# asmc on MacBook Pro 5.1



## AbuDun (Jan 3, 2013)

Hi community,

*T*oday I installed FreeBSD 9.1 successfully on a MacBook Pro 5.1 (from 2009). Installation itself was easy, no errors or problems. 

But in the post installation phase I encountered a problem with asmc. I tried to load asmc into the kernel, but that did not work:


```
kldload asmc
asmc0: model not recognized
```

The asmc manpage states, that 


> Support for the latest models was never tested and is most likely not fully working.

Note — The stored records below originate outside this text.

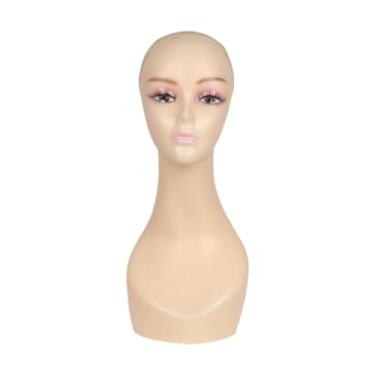 Imagem de KiBcsLic Cabeça de Treinamento de Manequim Feminino, Modelo Multifuncional para Exibição de Perucas, Chapéus, Acessórios de Beleza, Loja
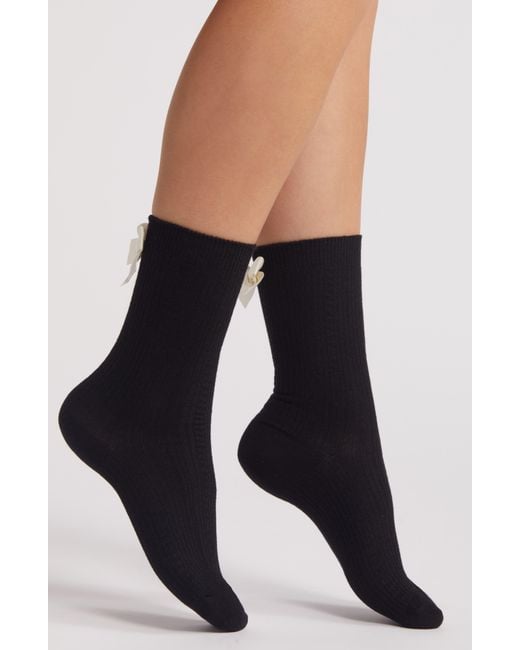 Casa Clara Black Bow-Embellished Cotton-Blend Quarter Socks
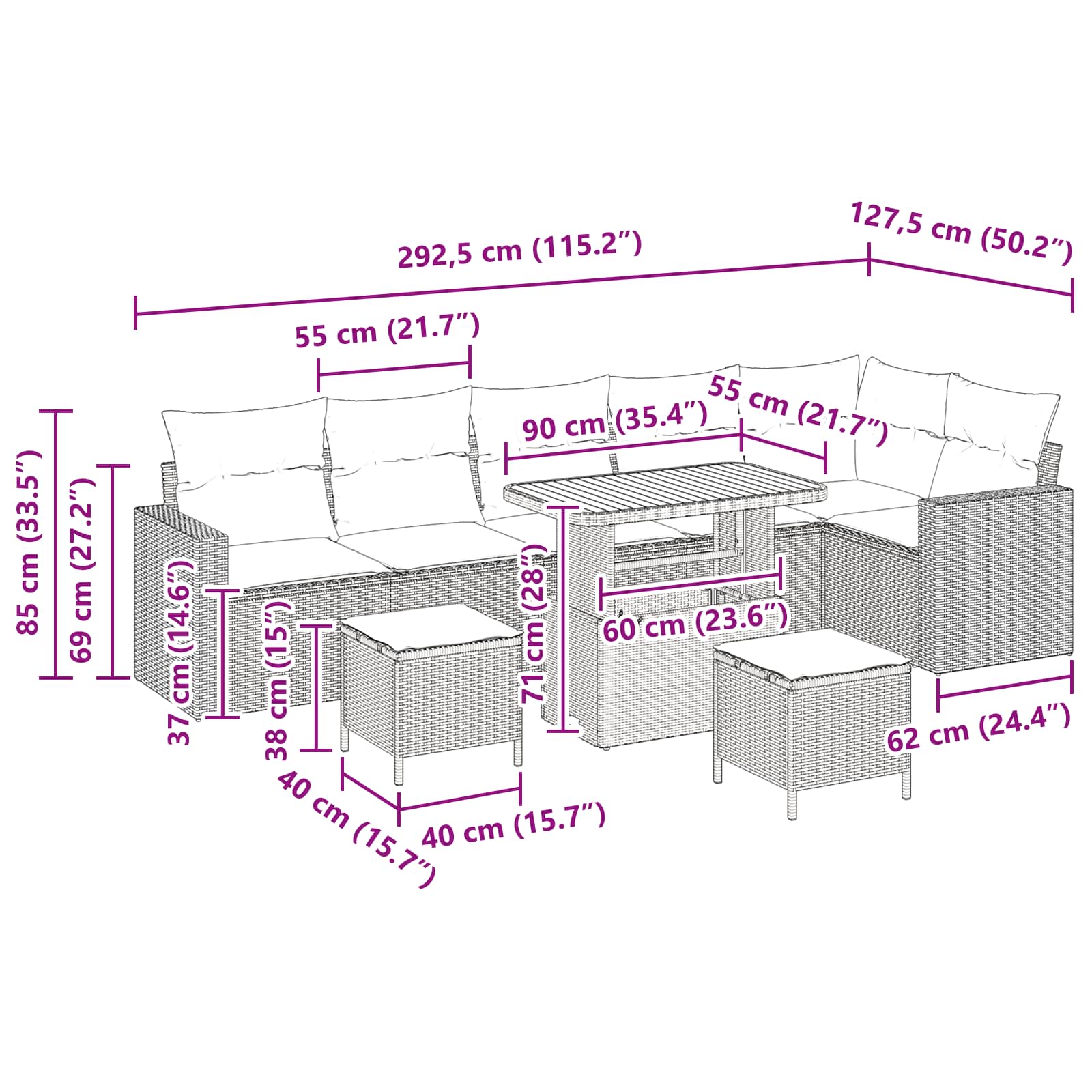 Σετ Καναπέ Κήπου 9 pcs Μαύρο συνθετικό ρατάν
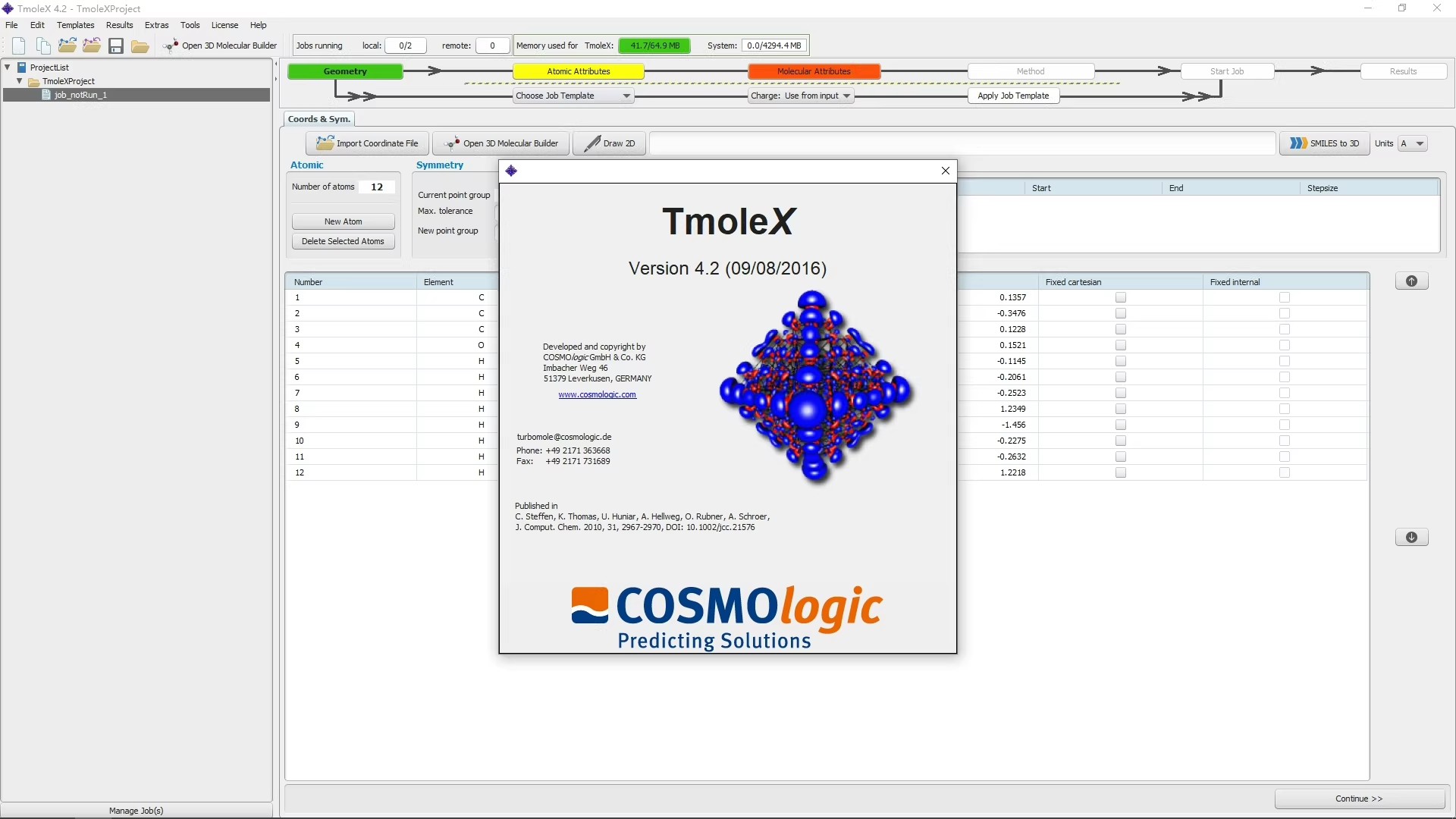COSMOlogic TURBOMOLE 2016 v7.1 x64 官方原版+完美激活补丁 COSMOlogic 2015 强大的数学 化学 分子 软件 BIOVIA COSMOlogic 分子模拟与热力学分析060567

I don't know when this was written (has a lot of references to FreeBSD 8.x), but today (with FreeBSD 9.1) I would not count my MacBook as one of the latest models. Also the wiki article sounded like someone got it working.

Since I am relatively new to FreeBSD and didn't come in contact with kernelmodules in Linux until now, so I'm not sure what this means to me. 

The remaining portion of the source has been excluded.